Her message: ‘Fight Against Human Trafficking’.
Kanchhi Maya Tamang, a trafficking survivor, summited Mt Everest with the message on Sunday, becoming the first to climb the world’s highest peak for women empowerment and gender equality, according to UN Women Nepal.
She is also the first Tamang woman from Nepal to scale the 8,848-metre peak.
Tamang also carried a banner through her arduous trek that read, “We are people, not property”.
Not alone in her belief, the returnee migrant worker from Sindhupalchowk -- a three-hour drive from capital Kathmandu -- was accompanied by 19 other climbers who found a fair weather to make final summit pushes.
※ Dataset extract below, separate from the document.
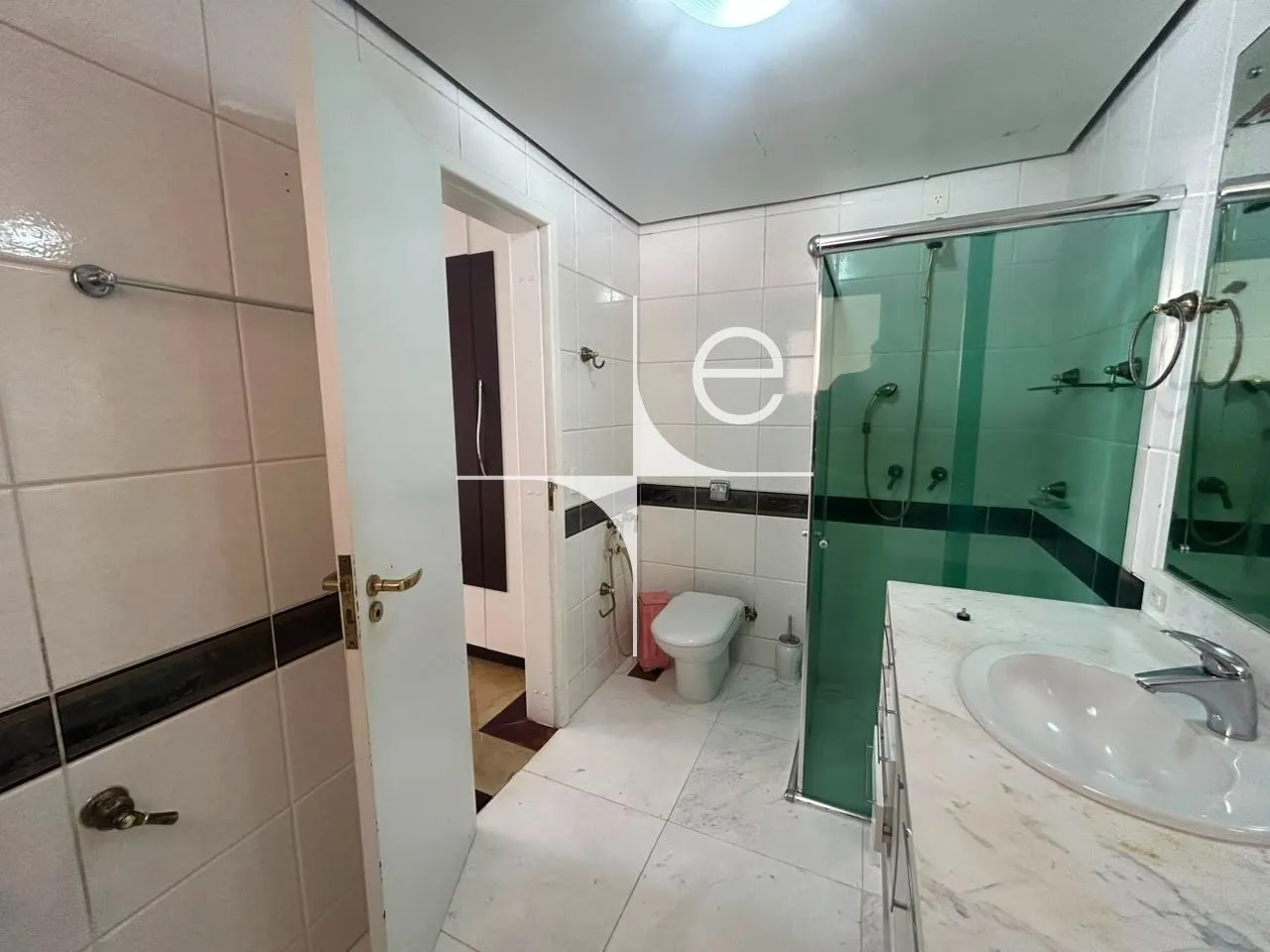 254 m² apartment with a walk-in closet and a home office — photo 13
Tamang reached the peak at 6:00 am, officials said.
In association with UN Women, Tamang and Pemba Dorje Sherpa climbed Mt Everest to spread the message from the roof of the world.
It was the first time that someone climbed Mt Everest for women’s empowerment and gender equality,
“Dorje has scaled Mt Everest 16 times,” said Gyanendra Shrestha, a liaison officer at the ministry of culture, tourism and civil aviation.
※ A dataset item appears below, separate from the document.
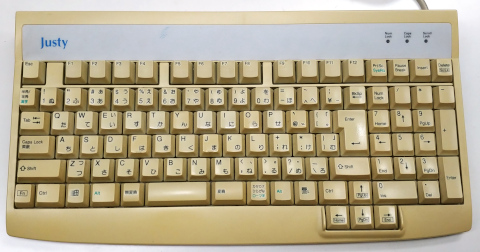 黄ばんだ古いキーボード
Besides Kanchhi Maya and Pemba Dorje, the 19 other climbers included nine Nepalese and the rest were foreigners.
Everest has seen a record number of climbers this season due to a backlog resulting from the 2014 and 2015 avalanches.
More than 375 climbers from around the world have been waiting for weather to improve to make summit attempts.
As many as 25 climbers, including six Indians, stood atop the world’s highest peak from the Tibetan side after nine rope-fixing Sherpas opened a climbing route to the summit point earlier this month.
Officials say nearly 150 climbers will make their final summit pushes from north side within the next couple of days.